Time-Frequency Audio Inpainting

Updated 27 January 2026

Time-frequency audio inpainting is the process of reconstructing missing or degraded spectrogram coefficients from STFT representations to restore audio quality.
Techniques range from convex structured sparsity and probabilistic NMF models to deep learning methods including U-Net and diffusion-based generative frameworks.
These approaches enhance applications in music editing, speech enhancement, and archival restoration by ensuring phase coherence, amplitude consistency, and perceptual quality.

Time-frequency audio inpainting is the problem of reconstructing missing, corrupted, or degraded coefficients in a time-frequency (TF) representation of an audio signal, such as the short-time Fourier transform (STFT) spectrogram. This problem arises in applications including music editing, bandwidth extension, transmission-loss concealment, speech enhancement, and generative restoration of archival materials. It is distinguished from time-domain inpainting by its focus on reconstructing absent columns or blocks of the complex-valued or magnitude spectrogram, under physical or perceptual constraints imposed by overlap, phase coherence, and structured audio content.

1. Problem Formulations and Mathematical Models

Let $x \in \mathbb{R}^L$ be a discrete-time signal and $X = G_g x \in \mathbb{C}^{M \times N}$ its STFT (or another invertible time-frequency transform), with window $g$ , hop size $a$ , and $M$ frequency bins, $N$ frames. A binary mask $M \in \{0,1\}^{M \times N}$ specifies which time-frequency coefficients are observed (1) or missing (0). The core inpainting objective is to estimate the (complex or magnitude) spectrogram $\hat X$ satisfying

$M \odot \hat X = M \odot X_{\rm obs}$

and, ideally, that $\hat X$ is consistent with a physically-realizable audio signal (i.e., $\hat X = G_g \hat x$ for some $\hat x$ ), while optimizing an appropriate prior or regularizer.

Two principal convex formulations dominate the structured-sparsity literature:

Synthesis model: minimize $S(z)$ (e.g., $\ell_1$ ) over coefficients $z$ , subject to $A^* z \in \Gamma$ , where $A^*$ is the synthesis operator and $\Gamma$ is the set of signals agreeing with $X_{\rm obs}$ at observed TF-coefficients.
Analysis model: minimize $S(Ax)$ subject to $x \in \Gamma$ , where $A$ is the analysis operator.

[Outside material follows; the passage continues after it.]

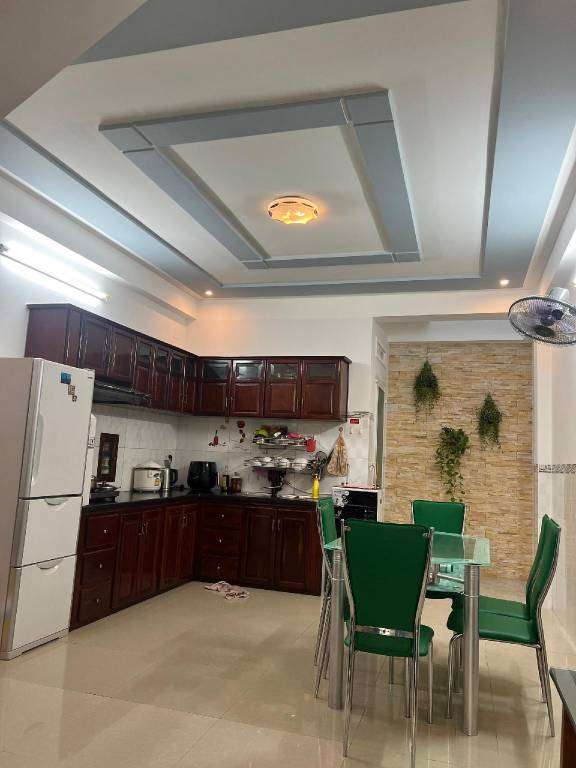 Vacation home with garden & hot tub — photo 4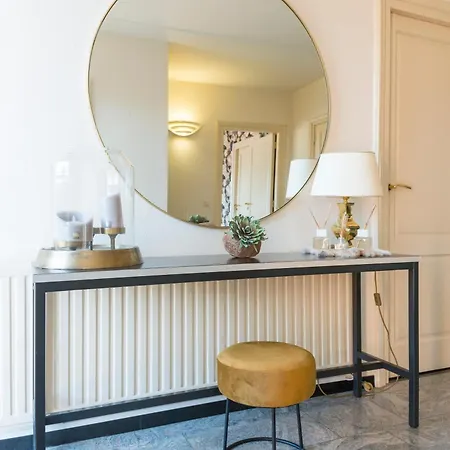 Xxl House With Free Parking & 3 Bedrooms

Extensions model quantized, clipped, or coarsely-coded coefficients via box constraints in time and/or transform domains (Mokrý et al., 2020). Nonconvex penalties (e.g., reweighted $\ell_1$ , $\ell_p$ ) and structured sparsity models are increasingly used.

Non-probabilistic methods further regularize via phase-aware total variation (iPCTV (Balušík et al., 26 Jan 2026)) or phase feature engineering. Probabilistic models jointly fit a generative model for the spectrogram—such as Gaussian with variances factored by nonnegative matrix factorization (NMF)—under observed-masked likelihoods, solved by EM or alternating minimization (Mokrý et al., 2022). Deep priors, classical AR models, and diffusion-based generative approaches have also been directly formulated in the time-frequency domain (Chang et al., 2019, Moliner et al., 2023, Kong et al., 20 Jan 2025).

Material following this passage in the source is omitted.